- Motto: "Rerevaka na Kalou ka Doka na Tui" "Fear God and honour the King"
- Location of Kingdom of Fiji
- Capital: Levuka
- Common languages: Fijian
- Government: Semi-constitutional monarchy
- • 1871–1874: Ratu Seru Epenisa Cakobau
- • 1872: Robert Wilson Hamilton
- • 1872–1873: Charles Rossiter Forwood
- • 1873–1874: Sydney Charles Burt
- • 1871–1872: Sydney Charles Burt
- • 1872–1874: George Austin Woods
- • 1874: John Bates Thurston (acting)
- • Established: 5 June 1871
- • Annexed by the United Kingdom: 10 October 1874
- Currency: Fijian pound
| Preceded by | Succeeded by |
| / Ancient Fiji | Colony of Fiji / |
- Today part of: Fiji

= Kingdom of Fiji =

1871–1874 monarchy in Fiji

The Kingdom of Fiji (Matanitu o Viti), also known as the Kingdom of Viti, was a short-lived monarchy in Fiji. It existed from 1871 to 1874, with Ratu Seru Epenisa Cakobau as King.

==History==

The Kingdom of Fiji was the first unified Fijian state, and it covered all of modern Fiji, except the island of Rotuma. Cakobau was the Vunivalu (Warlord or Paramount Chief) of the island of Bau. His father, Tanoa Visawaqa, had conquered the Burebasaga Confederacy but never subdued western Fiji. Cakobau controlled most of the eastern parts of the Fijian Islands and declared himself King of Fiji (Tui Viti). This met with opposition from other chiefs, who regarded him as at best first among equals. However, in June 1871, John Bates Thurston, the British honorary consul, persuaded the Fijian chiefs to accept a constitutional monarchy with Cakobau as the King, but with real power in the hands of a cabinet and legislature dominated by Australian settlers. The Legislative Assembly met for the first time in Levuka in November 1871.

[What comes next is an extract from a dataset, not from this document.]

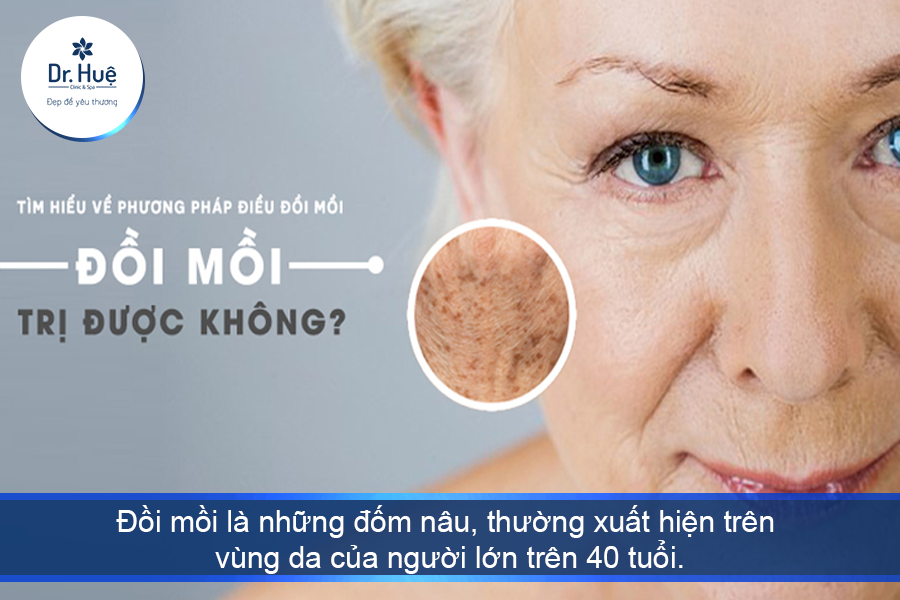 Cách trị tàn nhang và đồi mồi bằng công nghệ cao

Within months, government overspending had led to the accumulation of unmanageable debt. In 1872, following continuing economic and social unrest, Thurston approached the British government, at Cakobau's request, with an offer to cede the islands. Two British commissioners were sent to Fiji to investigate the possibility of an annexation. The question was complicated by maneuverings for power between Cakobau and his old rival, Maʻafu, with both men vacillating for many months. On 21 March 1874, Cakobau made a final offer, which the British accepted. On 23 September, Sir Hercules Robinson, soon to be appointed the British Governor, arrived on HMS Dido and received Cakobau with a royal 21-gun salute. After some vacillation, Cakobau agreed to renounce his Tui Viti title. On 10 October 1874, Cakobau, Ma'afu, and a group of some senior chiefs of Fiji signed two copies of a Deed of Cession establishing the Colony of Fiji, which lasted for almost a century – until 10 October 1970, when the Dominion of Fiji became a fully independent Commonwealth realm with Queen Elizabeth II as Queen of Fiji.